Lately though I've realized there is something that is bringing me a twinge of fear.  I've put myself out there, so to speak, and in the process have made myself vulnerable.  For the first time in a long time I'm out of my element and nervously worrying my fingers and wondering what "they'll" think of me.  I'm hopeful and anxious, but at the same time trying to keep that hopefulness tethered to reasonable expectations. 

I'm not exactly ready to share with you what  has me feeling this way, I need to give it some time to marinate.  But, maybe send some good karma my way.  I could use the extra positive vibes during this, completely outside of my control-wait and see, reality I've put myself in. 

Tuesday, February 14, 2012

The Potential of Love

borrowed from panathinaeos.wordpress.com

I will never miss the days when I was so ready to get married and start a family with someone I loved and of course someone who would love me back, beyond all reason.  Those were tough days of wishing and hoping and doubting if it will ever happen.  And when I did find the person I thought was "the one" there was that lag time between when I knew he was the one, but he wasn't moving as fast as I wanted to.  Wondering if I'd made a mistake, if the time we'd spent together was, while wonderful, time lost to finding the right someone I would share the rest of my life with.  Afraid I'd been barking up the wrong tree, and I realize in that metaphor I'm the impatiently barking dog and John's the stubborn unmoving tree, but if the shoe fits....


I wouldn't change where my life has brought me for anything.  But, there is a small part of me that will miss never again experiencing that first, maybe, real potential here, exciting and nervous and anxious and heart stuttering first moments of falling in love.

Tuesday, January 24, 2012

Triple Feature


I was treated to a triple feature this morning.

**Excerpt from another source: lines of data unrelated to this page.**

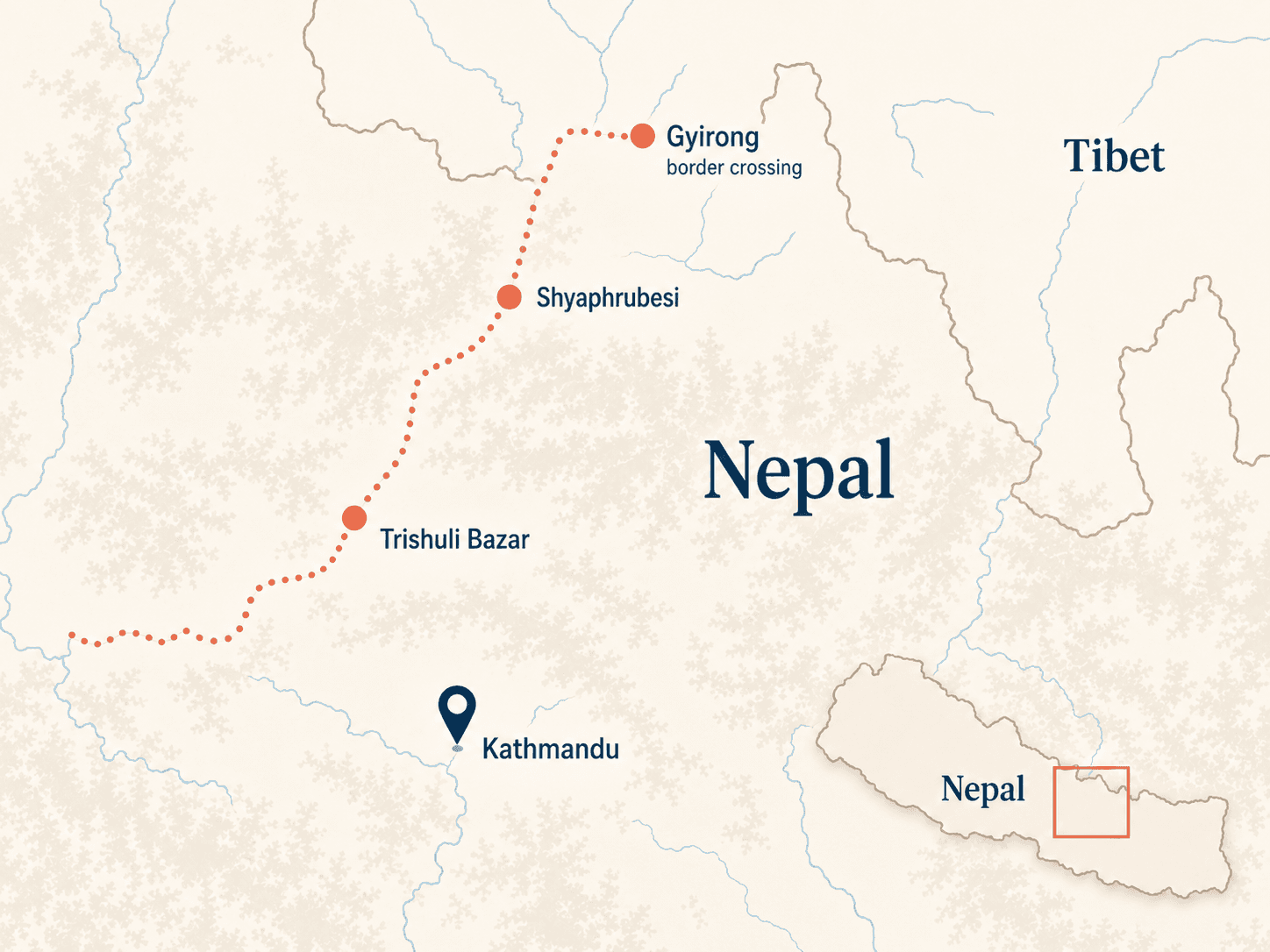 Karte des Katastrophengebiets im Norden Nepals: der Flusslauf vom Grenzübergang Gyirong über Shyaphrubesi und Trishuli Bazar in Richtung Kathmandu, mit einer Übersichtskarte, die die Region in Nepal verortet.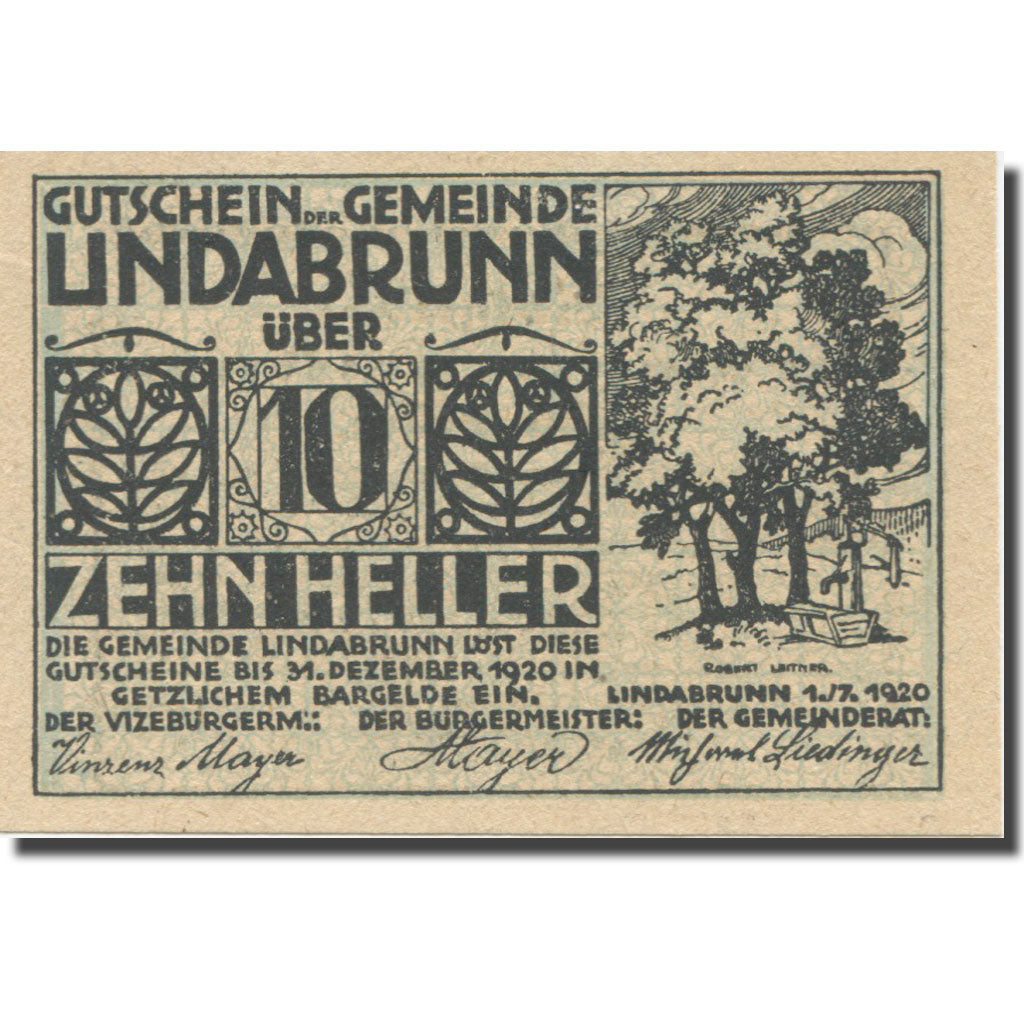 Banknote, Austria, Lindabrunn, 10 Heller, Texte, 1920, 1920-12-31, AU(55-58)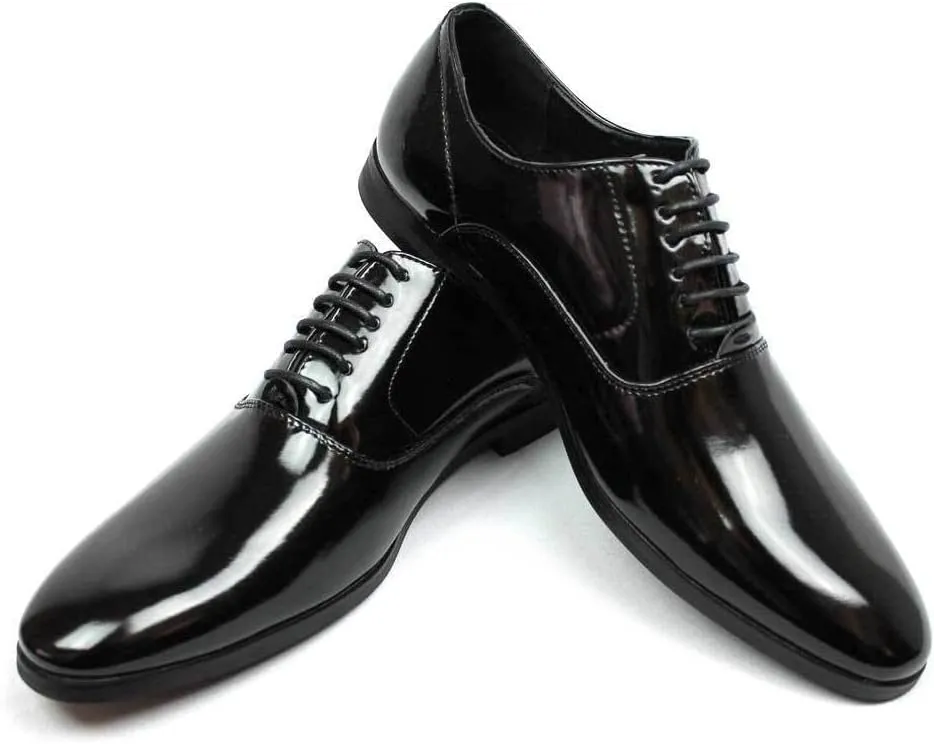Men's Tuxedo Shoes Patent Leather Traditional Round Toe Lace Up Oxfords AZAR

A triple feature in the span of an hour is unusual, even with our family, so I feel obligated to share the wealth. Here is a quick recap:

Feature One was “Liar Liar Pants on Fire”. While it was well acted and the actor certainly committed to the role, the lie itself was not plausible and therefore the audience new in the opening seconds that her pants were in fact on fire. I do give her credit however, as she was determined and stayed with the lie until it’s dying breath, only then switching to pleading and begging for forgiveness. All in all, while the material was poorly contrived, the actor is a natural.

Feature Two was an oldie but goodie performance of “I’m Cruisin’ for a Bruisin’ – Telling You 'NO' Just One More Time”. The dialogue was expected, a lot of “NO”’s, and again the performance was well acted as he owned the character. I did in fact want to bruise him, repeatedly.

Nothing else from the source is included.